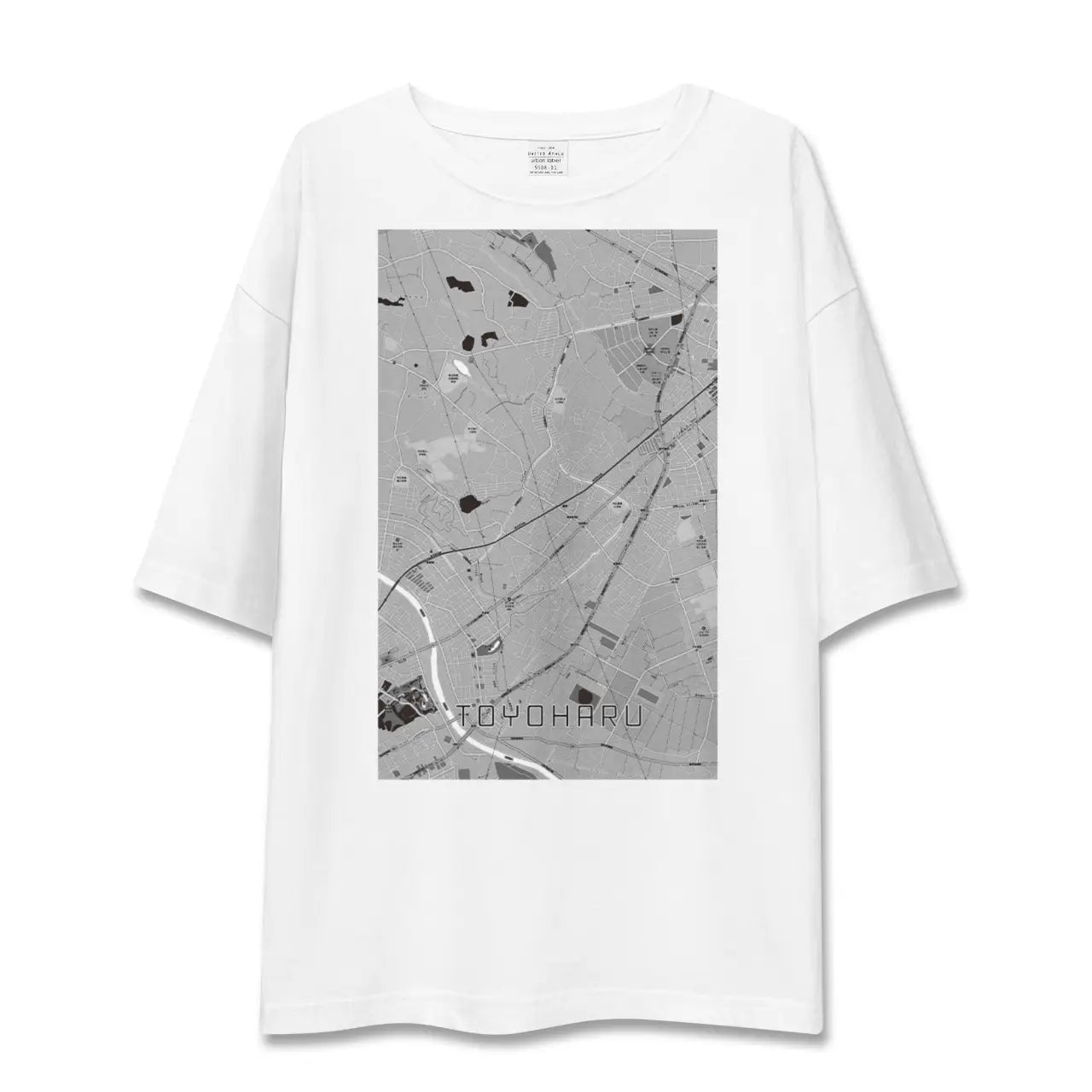 【豊春(埼玉県)】地図柄ビッグシルエットTシャツ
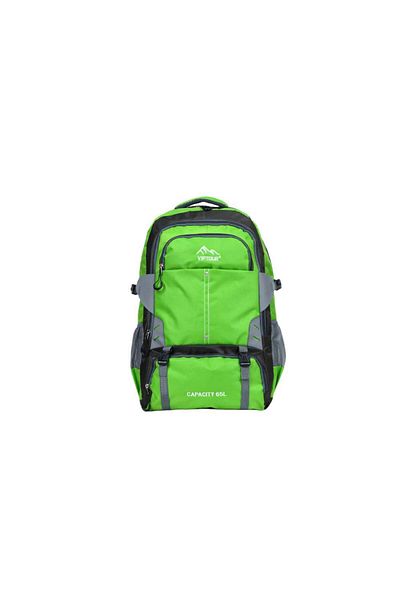 Generic STARGOLD 22-Inch Green Hiking Backpack, 65L Capacity, Durable Polyester, Stylish Travel Design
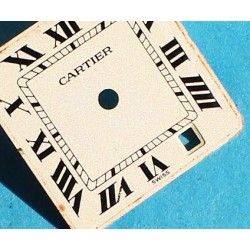 Cartier Vintage Cadran Panthere 17x17mm Crème Cadran Chiffres Romains de Montres ref 37837306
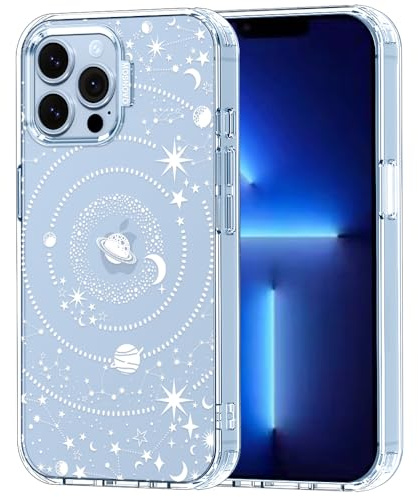 MOSNOVO für iPhone 13 Pro Max Hülle – Durchsichtige, schlanke, stoßfeste TPU+PC-Handyhülle, [6,6 Fuß Fallschutz/Anti-Abziehen] - Galaxie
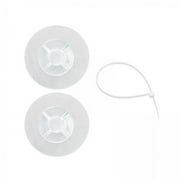 2x Adhesive Furniture Cabinet Wall Anchors Easy Installation for Bookshelf Dresser Baby Proofing Adjustable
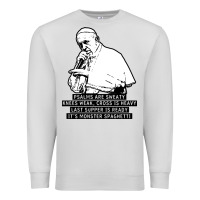 Dove Grey pope mc Premium Sweatshirt - artisFamous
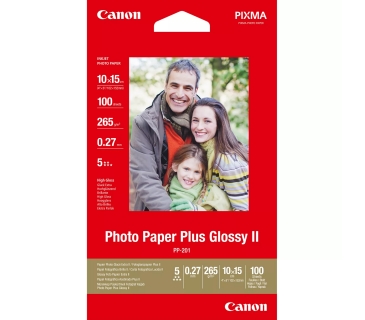 Cartouche d encre Canon BJ MEDIA PH PAPER PP-201 4x6 100SH Photo - Canon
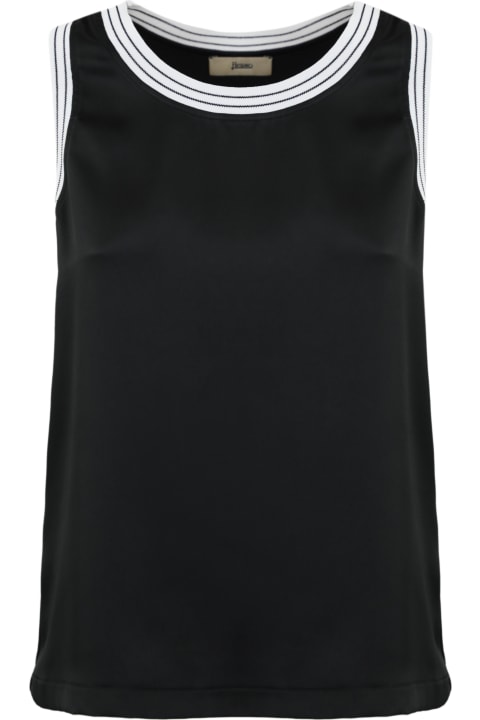 Clothing for Women Herno Tank Top In Technical Fabric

::::::::::

Your task:
Your answer must contain the full data, repeated exactly, without pictures.

Output for this exercise:
 【豊春(埼玉県)】地図柄ビッグシルエットTシャツ
 Generic STARGOLD 22-Inch Green Hiking Backpack, 65L Capacity, Durable Polyester, Stylish Travel Design
 Cartier Vintage Cadran Panthere 17x17mm Crème Cadran Chiffres Romains de Montres ref 37837306
 MOSNOVO für iPhone 13 Pro Max Hülle – Durchsichtige, schlanke, stoßfeste TPU+PC-Handyhülle, [6,6 Fuß Fallschutz/Anti-Abziehen] - Galaxie
 2x Adhesive Furniture Cabinet Wall Anchors Easy Installation for Bookshelf Dresser Baby Proofing Adjustable
 Dove Grey pope mc Premium Sweatshirt - artisFamous
 Cartouche d encre Canon BJ MEDIA PH PAPER PP-201 4x6 100SH Photo - Canon
 Clothing for Women Herno Tank Top In Technical Fabric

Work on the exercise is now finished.